Vincent Cassel is an undercover DJ in Netflix's Banger
The film doesn't always strike the right chord, but when it does, it's genuinely entertaining
April 22nd, 2025
Tracksuit in acetate and a chain around the neck. Vincent Cassel is DJ Scorpex in the film Banger by So Me, which since April 2 has been among the most-watched feature films on Netflix in France. The character has a backstory: after directing a six-episode series in 2021 titled 6 X Confiné.e.s, the director recalls the Parisian actor, who appeared in the same role, to now entrust him with an entire adventure. An undercover mission in the world of techno parties and DJ stardom from which the protagonist Scorpex seems to have been forgotten. A career that started with a timeless hit released fifteen years earlier and that over time relegated him to minor appearances and the glory of past days. Even if Scorpex likes to reiterate that there will be no big comeback for him since he never left, with Cassel choosing to temporarily shed the auteur aura he is often seen wearing to focus on a light and offbeat project. At times disjointed and humorous also for this reason, although the arrival of the film on Netflix was not exactly met with a positive reception, it tries to overcome any criticism with beats and carry out the protagonist’s task: unmask a criminal gangster hiding behind the psychedelic and pumping facade of electronic music.
One certainly cannot say that Banger is a comedy that brings something new to the genre or that Cassel’s protagonist remains among the characters we would periodically want to see again, but it seems too harsh a judgment that does not find in the film a deliberately and playfully carefree tone.
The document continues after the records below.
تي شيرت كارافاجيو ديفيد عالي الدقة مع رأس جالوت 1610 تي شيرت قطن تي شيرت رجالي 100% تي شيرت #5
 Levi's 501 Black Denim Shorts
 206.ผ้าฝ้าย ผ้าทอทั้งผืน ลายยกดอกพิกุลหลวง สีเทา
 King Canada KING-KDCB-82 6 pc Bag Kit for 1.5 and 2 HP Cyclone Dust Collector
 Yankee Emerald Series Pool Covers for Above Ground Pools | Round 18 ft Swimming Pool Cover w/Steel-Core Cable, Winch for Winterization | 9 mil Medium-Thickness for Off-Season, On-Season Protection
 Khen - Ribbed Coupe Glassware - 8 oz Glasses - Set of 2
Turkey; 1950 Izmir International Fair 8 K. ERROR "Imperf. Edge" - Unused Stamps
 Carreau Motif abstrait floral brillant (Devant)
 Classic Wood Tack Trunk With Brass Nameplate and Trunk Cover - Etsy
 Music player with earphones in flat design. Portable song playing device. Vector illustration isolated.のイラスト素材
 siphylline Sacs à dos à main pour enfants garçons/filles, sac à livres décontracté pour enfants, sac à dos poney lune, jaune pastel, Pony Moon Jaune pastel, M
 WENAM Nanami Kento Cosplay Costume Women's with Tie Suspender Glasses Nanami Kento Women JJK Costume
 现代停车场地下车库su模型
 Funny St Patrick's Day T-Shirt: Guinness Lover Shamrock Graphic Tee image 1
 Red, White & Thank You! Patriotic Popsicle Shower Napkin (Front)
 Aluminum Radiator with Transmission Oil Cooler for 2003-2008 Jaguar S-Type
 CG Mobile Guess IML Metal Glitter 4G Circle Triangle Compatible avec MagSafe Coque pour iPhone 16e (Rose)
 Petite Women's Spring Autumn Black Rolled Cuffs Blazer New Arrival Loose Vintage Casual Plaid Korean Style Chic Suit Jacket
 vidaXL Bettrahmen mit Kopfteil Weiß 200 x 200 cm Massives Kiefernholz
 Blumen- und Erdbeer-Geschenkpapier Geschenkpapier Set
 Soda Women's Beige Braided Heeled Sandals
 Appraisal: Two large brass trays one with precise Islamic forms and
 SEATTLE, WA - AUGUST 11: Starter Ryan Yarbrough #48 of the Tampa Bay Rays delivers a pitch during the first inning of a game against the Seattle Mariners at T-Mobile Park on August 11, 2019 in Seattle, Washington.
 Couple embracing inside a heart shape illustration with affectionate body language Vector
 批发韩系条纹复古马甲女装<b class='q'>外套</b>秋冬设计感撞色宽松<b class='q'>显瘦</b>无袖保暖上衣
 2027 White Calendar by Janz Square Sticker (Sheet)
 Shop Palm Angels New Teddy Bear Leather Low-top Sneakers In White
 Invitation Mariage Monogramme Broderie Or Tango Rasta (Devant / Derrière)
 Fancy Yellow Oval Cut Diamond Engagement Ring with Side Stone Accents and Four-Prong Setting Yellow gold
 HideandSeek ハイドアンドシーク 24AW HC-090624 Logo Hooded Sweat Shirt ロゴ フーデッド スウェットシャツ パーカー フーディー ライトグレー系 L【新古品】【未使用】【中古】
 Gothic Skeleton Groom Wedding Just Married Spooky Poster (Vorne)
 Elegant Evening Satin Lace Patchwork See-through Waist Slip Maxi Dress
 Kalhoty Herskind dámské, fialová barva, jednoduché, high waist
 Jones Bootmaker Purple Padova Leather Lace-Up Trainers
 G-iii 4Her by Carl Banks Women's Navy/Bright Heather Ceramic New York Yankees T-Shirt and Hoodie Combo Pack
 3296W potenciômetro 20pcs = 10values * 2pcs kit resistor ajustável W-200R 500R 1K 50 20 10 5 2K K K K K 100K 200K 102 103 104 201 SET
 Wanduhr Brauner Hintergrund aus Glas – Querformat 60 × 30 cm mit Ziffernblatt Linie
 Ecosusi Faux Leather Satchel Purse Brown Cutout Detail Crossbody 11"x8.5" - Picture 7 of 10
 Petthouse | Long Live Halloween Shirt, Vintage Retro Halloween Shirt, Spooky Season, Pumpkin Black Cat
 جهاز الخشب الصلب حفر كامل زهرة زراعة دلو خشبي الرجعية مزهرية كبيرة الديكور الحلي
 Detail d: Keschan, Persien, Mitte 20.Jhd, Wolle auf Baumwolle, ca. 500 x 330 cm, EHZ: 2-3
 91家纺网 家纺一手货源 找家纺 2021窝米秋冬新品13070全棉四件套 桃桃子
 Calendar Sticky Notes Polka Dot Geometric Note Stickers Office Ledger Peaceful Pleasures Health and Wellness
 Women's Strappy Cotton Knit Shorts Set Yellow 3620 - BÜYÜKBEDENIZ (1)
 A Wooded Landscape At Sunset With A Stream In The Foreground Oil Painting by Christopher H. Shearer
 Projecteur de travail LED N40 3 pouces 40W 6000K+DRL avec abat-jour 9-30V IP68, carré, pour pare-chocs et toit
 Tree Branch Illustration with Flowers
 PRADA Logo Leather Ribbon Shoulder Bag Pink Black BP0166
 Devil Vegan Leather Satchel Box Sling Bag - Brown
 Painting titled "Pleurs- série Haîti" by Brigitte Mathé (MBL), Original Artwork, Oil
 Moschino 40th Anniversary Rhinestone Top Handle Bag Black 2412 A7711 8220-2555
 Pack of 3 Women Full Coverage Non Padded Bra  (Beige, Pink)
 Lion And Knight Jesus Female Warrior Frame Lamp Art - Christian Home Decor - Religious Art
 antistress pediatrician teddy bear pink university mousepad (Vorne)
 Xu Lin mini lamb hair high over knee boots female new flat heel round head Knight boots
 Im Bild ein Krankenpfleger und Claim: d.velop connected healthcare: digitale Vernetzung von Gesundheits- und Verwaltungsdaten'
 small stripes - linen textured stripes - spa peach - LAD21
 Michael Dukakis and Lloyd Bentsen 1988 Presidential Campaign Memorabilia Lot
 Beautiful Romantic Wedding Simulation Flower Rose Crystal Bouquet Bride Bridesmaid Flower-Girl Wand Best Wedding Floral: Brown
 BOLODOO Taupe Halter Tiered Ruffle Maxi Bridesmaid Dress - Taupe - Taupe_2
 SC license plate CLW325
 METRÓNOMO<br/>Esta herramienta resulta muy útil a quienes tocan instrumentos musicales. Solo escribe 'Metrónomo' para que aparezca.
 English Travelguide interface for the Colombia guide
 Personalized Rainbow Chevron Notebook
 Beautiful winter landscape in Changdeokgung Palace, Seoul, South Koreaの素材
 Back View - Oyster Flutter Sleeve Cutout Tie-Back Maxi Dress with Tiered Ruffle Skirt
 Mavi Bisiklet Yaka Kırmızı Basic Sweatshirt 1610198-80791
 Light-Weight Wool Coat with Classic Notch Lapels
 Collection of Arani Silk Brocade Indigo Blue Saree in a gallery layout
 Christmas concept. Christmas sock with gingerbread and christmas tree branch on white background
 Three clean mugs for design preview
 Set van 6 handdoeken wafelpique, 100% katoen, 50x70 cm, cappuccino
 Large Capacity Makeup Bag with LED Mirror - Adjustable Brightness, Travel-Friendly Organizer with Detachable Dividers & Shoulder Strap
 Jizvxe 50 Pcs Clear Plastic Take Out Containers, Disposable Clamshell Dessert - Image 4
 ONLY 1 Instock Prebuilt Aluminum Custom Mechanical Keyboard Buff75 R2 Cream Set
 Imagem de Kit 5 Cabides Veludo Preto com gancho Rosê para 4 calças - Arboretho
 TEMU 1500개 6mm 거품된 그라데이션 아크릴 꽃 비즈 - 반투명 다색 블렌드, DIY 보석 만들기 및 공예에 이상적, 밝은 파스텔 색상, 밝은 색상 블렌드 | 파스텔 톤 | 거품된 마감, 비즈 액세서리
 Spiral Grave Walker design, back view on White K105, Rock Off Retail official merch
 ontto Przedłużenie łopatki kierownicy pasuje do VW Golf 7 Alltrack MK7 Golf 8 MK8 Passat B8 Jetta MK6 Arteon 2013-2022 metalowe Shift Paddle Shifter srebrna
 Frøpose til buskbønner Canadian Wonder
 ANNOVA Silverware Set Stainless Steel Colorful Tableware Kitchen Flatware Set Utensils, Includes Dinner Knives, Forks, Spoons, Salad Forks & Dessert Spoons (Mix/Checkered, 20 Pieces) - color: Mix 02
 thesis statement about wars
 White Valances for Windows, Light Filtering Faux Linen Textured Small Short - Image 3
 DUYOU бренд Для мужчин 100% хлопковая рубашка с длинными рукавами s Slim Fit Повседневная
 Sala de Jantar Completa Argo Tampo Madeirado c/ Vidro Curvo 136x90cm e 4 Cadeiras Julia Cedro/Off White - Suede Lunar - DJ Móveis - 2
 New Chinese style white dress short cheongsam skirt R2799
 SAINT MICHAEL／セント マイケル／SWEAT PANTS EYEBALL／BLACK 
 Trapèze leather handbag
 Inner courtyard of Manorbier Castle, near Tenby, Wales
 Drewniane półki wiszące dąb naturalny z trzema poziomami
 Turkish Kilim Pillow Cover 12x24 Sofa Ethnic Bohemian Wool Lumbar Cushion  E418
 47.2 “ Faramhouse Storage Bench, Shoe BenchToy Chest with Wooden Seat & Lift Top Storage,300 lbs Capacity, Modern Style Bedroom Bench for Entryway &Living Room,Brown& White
A police operation in which Scorpex finds himself entangled and which he would rather have nothing to do with, but which could allow him to knock out his young rival – Mister V’s Vestax, who also stole the X from his name – and perhaps help give a bit of fuel back to his life, now made up of performances interrupted to make room for the star of the moment and live streams from his own living room. If the story may not be exciting, there is still an aesthetic that makes the work appreciable, pleasant to watch, and with a personality that reflects both the characters’ traits and the environment it portrays. Inevitable given So Me’s background, also a graphic designer and animator, as well as art director of the Ed Banger Records label, who shows he knows well the scene he’s talking about, with disputes among artists and strategies to make one’s image as appealing as the music itself.
But if between locations and lights, colors and costumes it does justice to a well-crafted and suitable staging, it’s in the script co-written with Agnès Feuvre and Elias Belkeddar that it shows uncertainty. The comedic moments are saved, they are not striking, but they lighten the tone and are well inhabited by the protagonists, first and foremost Vincent Cassel. It’s in tying together the plot threads that So Me doesn’t quite know how to extricate himself, a bit like his police agents, ending up living more from situations than from narrative linearity. Sketches and humorous digressions that are then strung together one by one to lay out a flawed story, still capable of bringing the pop comedy to completion. Banger resonates with good intentions and tries its best like Scorpex and, just like the protagonist, sometimes manages to hit the right rhythm while in others, despite the effort, it struggles more.